Data block —

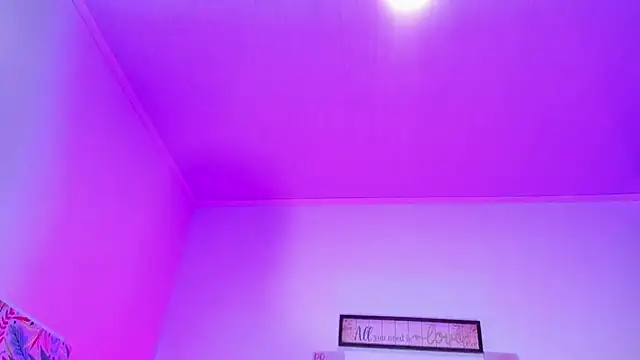 SagiraBelle online show from 03-04-26, 05:19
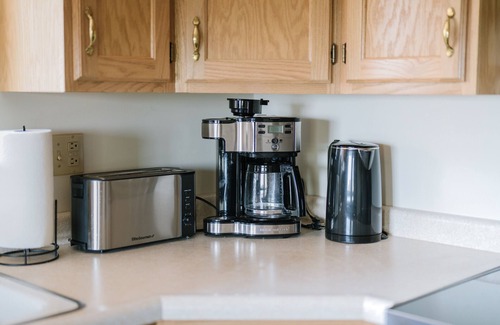 Midway Cabin | Cozy cabin minutes from downtown Midway, sleeps 17+
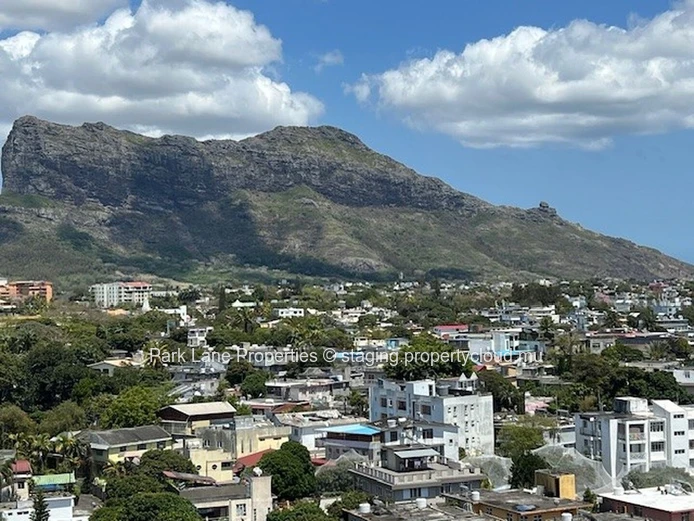 Ideal Office Space in the Heart of a Vibrant District 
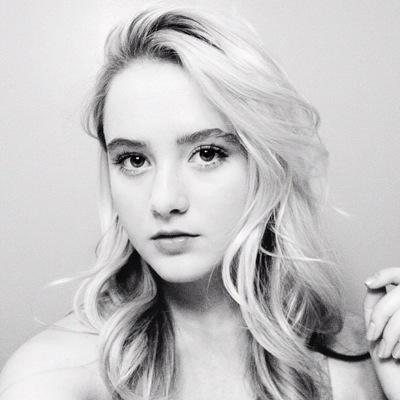 The daughter of Cruella DeVil. But, I'm unloved. My mother left me when I was only a child, and I've come to StoryBrooke to find her. [RP•OC•Single•OUAT]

Description of the task —
Every line above should be retyped exactly; the pictures do not belong in the copy.

Result for this task —
 SagiraBelle online show from 03-04-26, 05:19
 Midway Cabin | Cozy cabin minutes from downtown Midway, sleeps 17+
 Ideal Office Space in the Heart of a Vibrant District 
 The daughter of Cruella DeVil. But, I'm unloved. My mother left me when I was only a child, and I've come to StoryBrooke to find her. [RP•OC•Single•OUAT]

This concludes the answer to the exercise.